Bonus : Conseils pour devenir archéologue ou faire de l’archéologie

Tout d’abord, si vous ne souhaitez pas devenir archéologue, mais que le sujet vous intéresse et que vous êtes curieux, vous pouvez effectuer la licence en archéologie qui s’avère passionnante. Si vous souhaitez devenir archéologue, il faut être motivé : l’archéologie doit être une passion, d’autant que les conditions de travail ne sont pas toujours faciles ! Pour ça, multipliez les expériences professionnelles, stages ou en adhérant dans des associations (Grottes&Archéologies sera ravie de vous accueillir 😉).


RÉSUMÉ DE LA THÈSE :

L’étude des bâtiments en terre et bois des agglomérations du Second âge du Fer (IIIe-Ier s. av. n. è.) de Gaule interne (hors littoral méditerranéen) a permis de construire une réflexion autour de deux thématiques de recherche à la fois peu investies et complémentaires.

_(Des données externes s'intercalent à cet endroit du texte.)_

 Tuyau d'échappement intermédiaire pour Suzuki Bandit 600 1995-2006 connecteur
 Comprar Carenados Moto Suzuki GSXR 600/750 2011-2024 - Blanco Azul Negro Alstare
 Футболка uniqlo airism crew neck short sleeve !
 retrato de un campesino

Si les travaux réalisés depuis la fin des années 1970 ont considérablement amélioré nos connaissances sur les constructions de l’habitat rural dispersé, notre perception de l’architecture des habitats groupés reste largement incomplète. Par ailleurs, ces agglomérations (oppida et agglomérations ouvertes) ont été examinées et définies au travers de nombreux sujets et objets d’étude (fortifications, productions artisanales, échanges et commerce, analyses territoriales, etc.), mais l’architecture des bâtiments n’a que rarement été mobilisée, alors qu’elle est une clé de lecture essentielle à l’analyse des interactions techniques, environnementales, sociales, économiques, politiques et culturelles animant les sociétés anciennes. Les nombreux débats concernant la caractérisation de ces habitats agglomérés et leur éventuel statut urbain m’ont ainsi amené à développer une approche croisée dans le cadre de ce doctorat. L’objectif a donc été de contribuer à une meilleure compréhension du phénomène d’urbanisation et des caractéristiques des agglomérations à travers une étude fine de l’architecture, permettant de préciser dans quelle mesure les formes architecturales sont révélatrices mais également vectrices de dynamiques socioéconomiques particulières.

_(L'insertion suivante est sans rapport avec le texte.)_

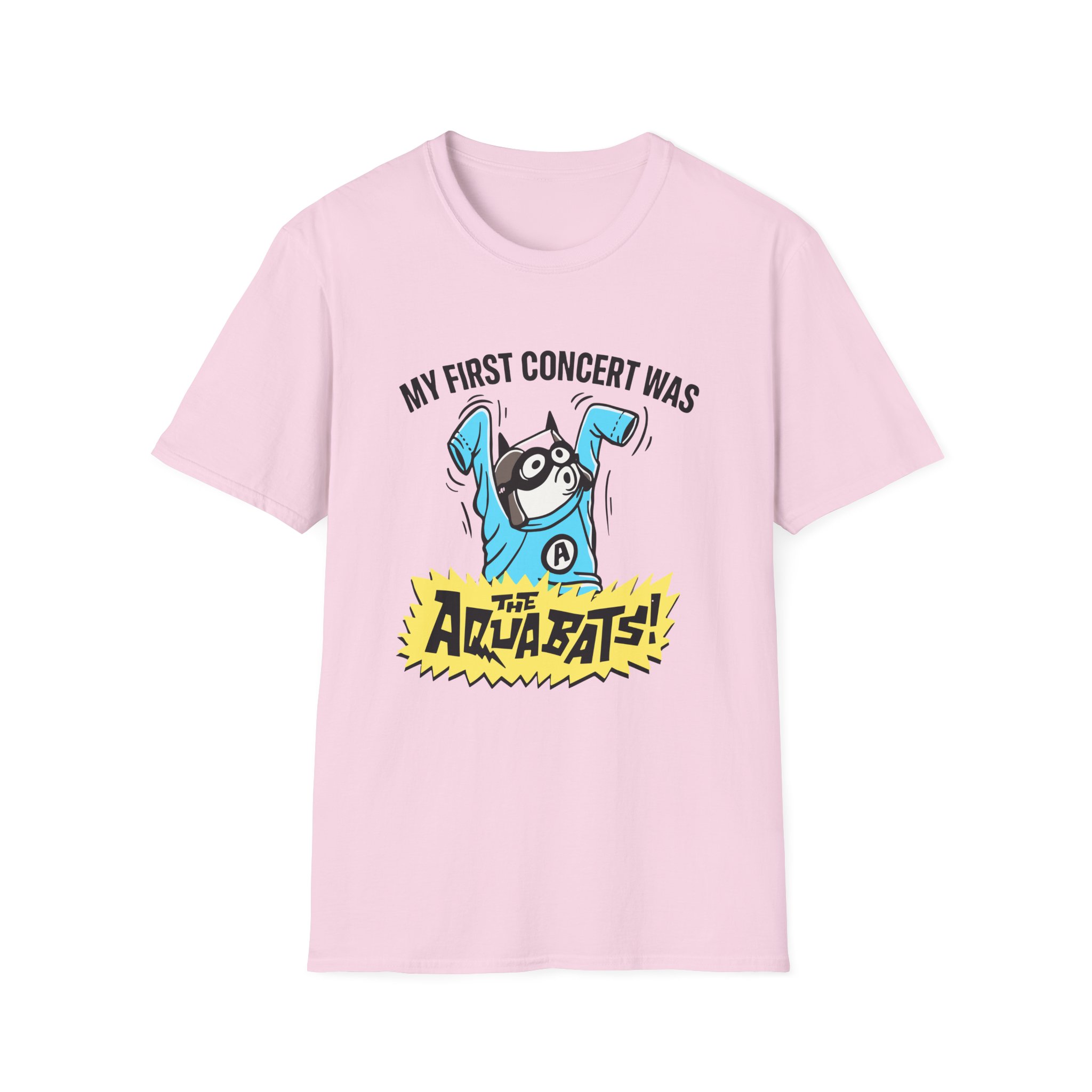 The Aquabats My First Concert Unisex Softstyle T-shirt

Pierre Péfau sur le site archéologique de Roquelaure

L’étude technique de 339 bâtiments, provenant de 39 agglomérations aux statuts, activités, chronologies et contextes géoculturels variés, s’est appuyée sur une méthodologie rigoureuse et originale. Celle-ci combine l’analyse des divers types de vestiges architecturaux (sols, creusements et négatifs, empreintes de sablière basse, bois conservés, terre à bâtir, liaisons métalliques, etc.) et des dynamiques taphonomiques, avec une approche comparative à grande échelle, intégrant à la fois la documentation archéologique et ethnographique. Si une grande partie de ces constructions est constituée de poteaux plantés (module porteur avec ou sans parois rejetées, poteaux rapprochés dans des parois porteuses), une place privilégiée a été accordée aux architectures en pan de bois et à l’usage de pièces de contreventement obliques : longtemps considérées comme des innovations tardives, attribuées à l’Antiquité, il est désormais avéré que ces techniques font partie intégrante du spectre architectural de l’âge du Fer, avec un développement particulièrement visible à partir des IIIe-IIe s. av. n. è. Ces traditions architecturales ont ensuite été intégrées dans une recherche plus globale, considérant à la fois l’organisation spatiale des agglomérations, les usages des bâtiments et les statuts sociaux de leurs occupant·e·s, ainsi que les différences entre l’architecture rurale et celle des habitats groupés. Un modèle interprétatif, tenant compte du contexte environnemental et de toute la complexité des agglomérations de la fin de l’âge du Fer, a ainsi été proposé. Une partie au moins de ces habitats groupés serait caractérisée par la mise en œuvre d’économies et de gestions rationnelles du bois d’œuvre et de la construction, par le développement de réseaux d’artisans spécialisés (charpentiers ?) ainsi que par des adaptations des modèles architecturaux à l’urbanisme et au degré d’urbanisation.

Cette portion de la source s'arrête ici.